### Data for the task
· · ·

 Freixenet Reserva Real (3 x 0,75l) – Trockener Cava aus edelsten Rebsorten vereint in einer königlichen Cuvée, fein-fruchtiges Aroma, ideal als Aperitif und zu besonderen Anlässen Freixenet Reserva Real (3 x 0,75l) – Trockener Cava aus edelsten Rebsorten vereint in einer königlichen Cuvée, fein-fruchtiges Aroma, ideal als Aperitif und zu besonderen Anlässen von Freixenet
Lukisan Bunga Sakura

· · ·

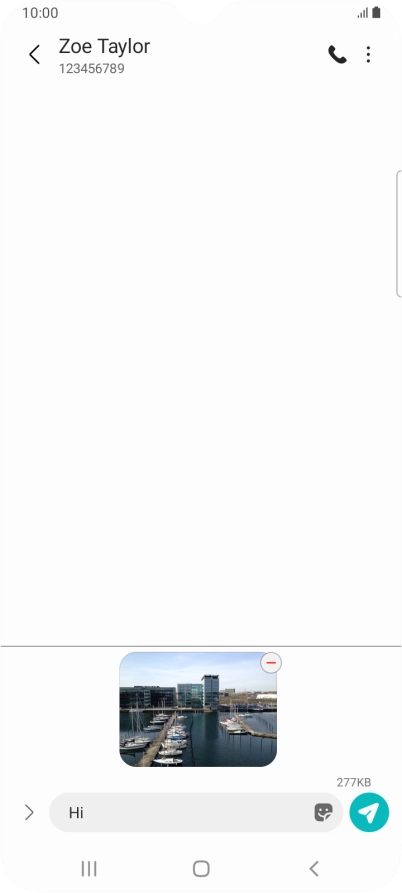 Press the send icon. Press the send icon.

· · ·

### Work required
Using the data above, reproduce exactly the lines from the line that contains "Anlässen von Freixenet" through the line that contains "Lukisan Bunga Sakura", including both.

### Answer box
 Freixenet Reserva Real (3 x 0,75l) – Trockener Cava aus edelsten Rebsorten vereint in einer königlichen Cuvée, fein-fruchtiges Aroma, ideal als Aperitif und zu besonderen Anlässen Freixenet Reserva Real (3 x 0,75l) – Trockener Cava aus edelsten Rebsorten vereint in einer königlichen Cuvée, fein-fruchtiges Aroma, ideal als Aperitif und zu besonderen Anlässen von Freixenet
Lukisan Bunga Sakura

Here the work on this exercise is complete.